Finnish Nigerian journalist (born 1978)

Minna Salami (born 1978) is a Finnish Nigerian journalist and owner/editor of the website MsAfropolitan.com, which she created in 2010 to write on themes "ranging from polygamy to feminism to relationships". She was also a regular contributor to The Guardian and contributed two articles to Aljazeera.com. She is a member of the Global Educator Network of Duke University, the Africa Network and The Guardian Books Network.

== Biography ==
Born in Finland in 1978 to a Nigerian father and a Finnish mother, Salami lived in Nigeria during her youth before going to Sweden for higher studies. She graduated from Lund University, Sweden, with a Bachelor of Arts (BA) degree in Political Science, and from the University of London's School of Oriental and African Studies (SOAS) with a Master of Arts degree (MA). In 2016, she participated at the Hong Kong Baptist University International Writers' Workshop as a fellow.
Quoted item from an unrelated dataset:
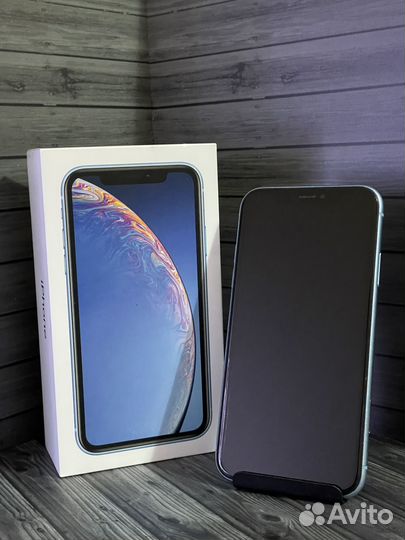 iPhone Xr, 64 ГБ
She is proficient in five languages and has lived in Nigeria, Sweden, Spain, New York and London. She now operates from London.

Initially, after her formal education, Salami started her career as a marketing business executive, dealing with branding and management of products, and working in many countries.

In 2010, she founded the blog MsAfropolitan, which deals with issues related to Nigeria and the diaspora on feminist issues. Concurrently, for two years until 2012, she also promoted the MsAfropolitan Boutique, in recognition of the African Women's Decade 2010–2020. This online boutique sold many heritage goods of Africa, manufactured by women of Africa. In an interview with the "Weekend Magazine", Salami elaborating on the objective of her establishing the Ms.Afropolitan blog, stated: "Blogs about African society were male-dominant and the feminist blogs I came across were Eurocentric. Most of the African feminist writing I encountered was either academic or fiction writing. It was brilliant work...but I longed to read popular cultural commentary about Africa from a feminist angle and commentary about feminism from an African angle." She is a contributor to the 2019 anthology New Daughters of Africa, edited by Margaret Busby.

In 2019, Salami joined the Activate Collective, an intersectional feminist movement that seeks to raise money for minoritised women political candidates and community activists. In 2020, the Activate Collective announced it would fund 11 women running for five different parties in the spring local and mayoral elections across five regions of England – London, the Midlands, North East, North West, and Yorkshire and Humber. The list includes eight women of colour, one disabled woman and one care leaver. Seven of the 11 women are from low-income households or identify as working-class.

Salami also works as a consultant, in the digital medium, to TVC News, a pan-African news channel. She is represented on the board of the UK charity For Books' Sake and a UK-based think tank.

Salami's first book Sensuous Knowledge: A Black Feminist Approach for Everyone was published in 2010 and her 2025 work Can Feminism Be African? was reviewed in Brittle Paper by Ainehi Edoro, who stated that "Can Feminism Be African? resists easy answers. It is part essay, part philosophical reflection, and very timely. In a world obsessed with metrics and fixes, Salami reminds us that African feminism can also be about resistance and world-building."

== Publications ==

- "Sensuous Knowledge: A Black Feminist Approach for Everyone" (2020)
- "Can Feminism be African?" (2025)

==Rankings and awards==

- "40 Under 40 Changemakers" by Applause Africa
- "Nigeria's 100 most influential women" by YNaija
- "Top 100 Most Influential Black People on Digital/Social Media" by Eelan Media.
- "Outstanding Achievement in Media" award in 2013, which is an Africa Diaspora Award
- Women 4 Africa 2013 "Blogger of the Year" award
- RED Magazine listed her as "Blogger of the Year" for 2012.